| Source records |
*** Begin section ***
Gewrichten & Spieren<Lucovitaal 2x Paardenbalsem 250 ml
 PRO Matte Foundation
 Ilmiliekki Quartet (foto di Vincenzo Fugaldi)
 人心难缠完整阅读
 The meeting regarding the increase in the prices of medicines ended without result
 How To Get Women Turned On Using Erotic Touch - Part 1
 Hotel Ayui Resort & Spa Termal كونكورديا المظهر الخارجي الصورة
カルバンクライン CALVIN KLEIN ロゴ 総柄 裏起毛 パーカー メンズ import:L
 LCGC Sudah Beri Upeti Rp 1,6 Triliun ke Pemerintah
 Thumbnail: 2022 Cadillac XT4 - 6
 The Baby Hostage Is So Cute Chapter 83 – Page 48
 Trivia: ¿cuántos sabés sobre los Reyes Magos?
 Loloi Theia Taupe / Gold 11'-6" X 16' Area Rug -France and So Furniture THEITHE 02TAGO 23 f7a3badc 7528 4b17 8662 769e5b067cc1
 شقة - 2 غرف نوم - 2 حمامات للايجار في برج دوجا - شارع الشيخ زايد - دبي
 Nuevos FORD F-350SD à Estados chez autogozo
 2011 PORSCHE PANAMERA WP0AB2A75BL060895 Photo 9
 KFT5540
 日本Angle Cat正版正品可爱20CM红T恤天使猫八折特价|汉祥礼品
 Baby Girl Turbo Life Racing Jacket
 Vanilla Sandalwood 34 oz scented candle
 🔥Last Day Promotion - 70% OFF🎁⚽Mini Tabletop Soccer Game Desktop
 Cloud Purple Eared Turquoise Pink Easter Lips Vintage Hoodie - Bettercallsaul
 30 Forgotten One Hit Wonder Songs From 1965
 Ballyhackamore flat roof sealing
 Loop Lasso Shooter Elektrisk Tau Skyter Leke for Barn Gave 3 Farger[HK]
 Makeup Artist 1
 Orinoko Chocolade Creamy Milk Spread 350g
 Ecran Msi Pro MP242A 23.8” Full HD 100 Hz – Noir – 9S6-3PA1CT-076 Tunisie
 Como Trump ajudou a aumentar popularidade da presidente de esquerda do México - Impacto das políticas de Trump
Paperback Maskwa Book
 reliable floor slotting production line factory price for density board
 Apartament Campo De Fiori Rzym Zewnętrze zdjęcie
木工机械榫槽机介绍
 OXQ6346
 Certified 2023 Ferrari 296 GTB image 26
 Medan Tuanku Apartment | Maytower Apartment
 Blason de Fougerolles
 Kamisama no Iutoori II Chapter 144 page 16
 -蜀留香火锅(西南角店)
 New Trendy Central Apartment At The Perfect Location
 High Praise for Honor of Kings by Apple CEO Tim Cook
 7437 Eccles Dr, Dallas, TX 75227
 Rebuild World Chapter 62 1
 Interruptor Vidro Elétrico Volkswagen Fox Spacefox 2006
*** End section ***
| What to work on |
Return all lines in the entries above that carry the word "Baby".

| Task response |
 The Baby Hostage Is So Cute Chapter 83 – Page 48
 Baby Girl Turbo Life Racing Jacket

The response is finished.